What the exercise asks: In the material below, list every line carrying the string "Floral".

Recorded information START

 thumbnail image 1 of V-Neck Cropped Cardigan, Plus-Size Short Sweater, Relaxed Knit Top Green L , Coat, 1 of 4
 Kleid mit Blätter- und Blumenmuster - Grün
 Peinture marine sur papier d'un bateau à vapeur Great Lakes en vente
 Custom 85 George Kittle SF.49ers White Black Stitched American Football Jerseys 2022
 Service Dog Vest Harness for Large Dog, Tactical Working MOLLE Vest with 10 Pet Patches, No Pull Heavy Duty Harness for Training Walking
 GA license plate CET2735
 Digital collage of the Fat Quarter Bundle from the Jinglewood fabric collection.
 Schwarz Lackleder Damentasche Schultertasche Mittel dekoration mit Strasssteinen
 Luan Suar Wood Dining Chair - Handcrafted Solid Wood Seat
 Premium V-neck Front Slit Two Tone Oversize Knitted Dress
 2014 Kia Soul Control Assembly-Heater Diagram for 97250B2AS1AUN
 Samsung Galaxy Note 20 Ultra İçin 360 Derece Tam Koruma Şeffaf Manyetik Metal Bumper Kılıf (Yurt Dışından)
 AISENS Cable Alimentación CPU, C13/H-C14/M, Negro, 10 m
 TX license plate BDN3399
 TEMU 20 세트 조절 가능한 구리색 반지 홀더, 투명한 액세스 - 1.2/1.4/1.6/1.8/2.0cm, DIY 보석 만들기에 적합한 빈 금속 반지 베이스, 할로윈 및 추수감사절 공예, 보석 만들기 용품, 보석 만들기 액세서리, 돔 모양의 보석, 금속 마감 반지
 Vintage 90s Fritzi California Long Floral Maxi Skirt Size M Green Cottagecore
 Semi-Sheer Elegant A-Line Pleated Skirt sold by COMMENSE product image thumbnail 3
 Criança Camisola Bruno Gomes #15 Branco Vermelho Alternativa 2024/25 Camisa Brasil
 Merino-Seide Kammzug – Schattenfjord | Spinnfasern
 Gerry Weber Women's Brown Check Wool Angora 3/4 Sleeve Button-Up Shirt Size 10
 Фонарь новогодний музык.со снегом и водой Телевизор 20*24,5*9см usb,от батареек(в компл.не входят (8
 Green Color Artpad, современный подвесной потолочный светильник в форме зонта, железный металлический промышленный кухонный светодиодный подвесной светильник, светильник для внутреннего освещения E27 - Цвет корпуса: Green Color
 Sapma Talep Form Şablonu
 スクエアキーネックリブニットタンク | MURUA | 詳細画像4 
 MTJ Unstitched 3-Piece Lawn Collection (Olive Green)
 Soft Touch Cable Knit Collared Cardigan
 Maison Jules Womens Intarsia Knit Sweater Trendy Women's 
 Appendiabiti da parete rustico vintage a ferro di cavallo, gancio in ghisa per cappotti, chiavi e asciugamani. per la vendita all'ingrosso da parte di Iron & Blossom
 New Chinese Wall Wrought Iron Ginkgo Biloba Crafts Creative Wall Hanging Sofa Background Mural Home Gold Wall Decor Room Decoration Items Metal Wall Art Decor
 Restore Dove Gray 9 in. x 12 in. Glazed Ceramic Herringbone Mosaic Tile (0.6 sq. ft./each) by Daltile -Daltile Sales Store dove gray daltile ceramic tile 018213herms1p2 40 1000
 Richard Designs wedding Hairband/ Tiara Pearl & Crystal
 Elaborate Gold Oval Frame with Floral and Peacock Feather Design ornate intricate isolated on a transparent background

Recorded information END

Result below:
 Vintage 90s Fritzi California Long Floral Maxi Skirt Size M Green Cottagecore
 Elaborate Gold Oval Frame with Floral and Peacock Feather Design ornate intricate isolated on a transparent background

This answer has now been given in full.